*** Input ***

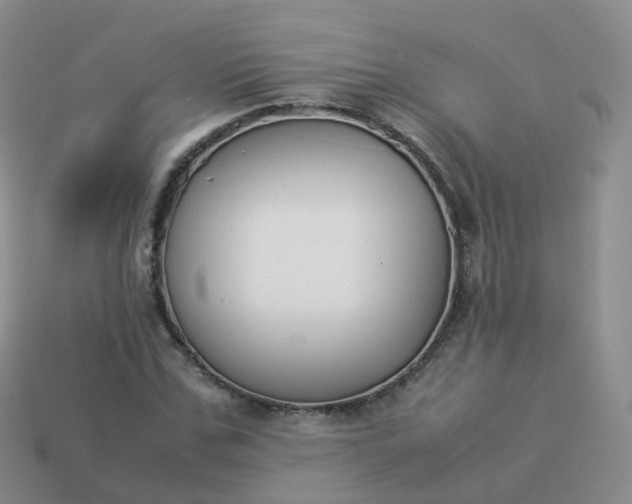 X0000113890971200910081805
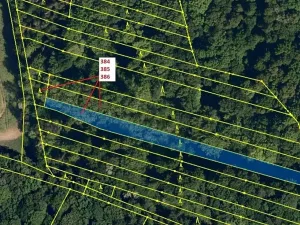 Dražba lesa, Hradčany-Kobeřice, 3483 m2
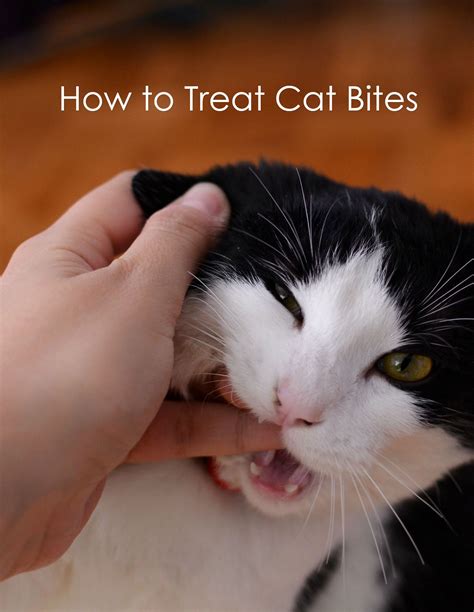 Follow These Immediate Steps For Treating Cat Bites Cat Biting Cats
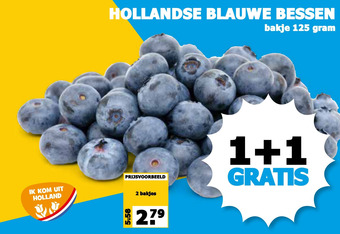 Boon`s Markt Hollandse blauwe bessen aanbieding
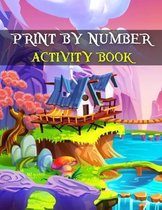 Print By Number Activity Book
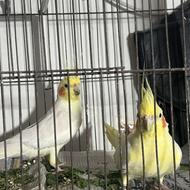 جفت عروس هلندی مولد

*** End of Input ***

# Work request:
Reproduce verbatim every line starting at the line that holds "Dražba lesa, Hradčany-Kobeřice, 3483 m2" and ending with the final line of the data; omit the pictures.

# Answer section:
 Dražba lesa, Hradčany-Kobeřice, 3483 m2
 Follow These Immediate Steps For Treating Cat Bites Cat Biting Cats
 Boon`s Markt Hollandse blauwe bessen aanbieding
 Print By Number Activity Book
 جفت عروس هلندی مولد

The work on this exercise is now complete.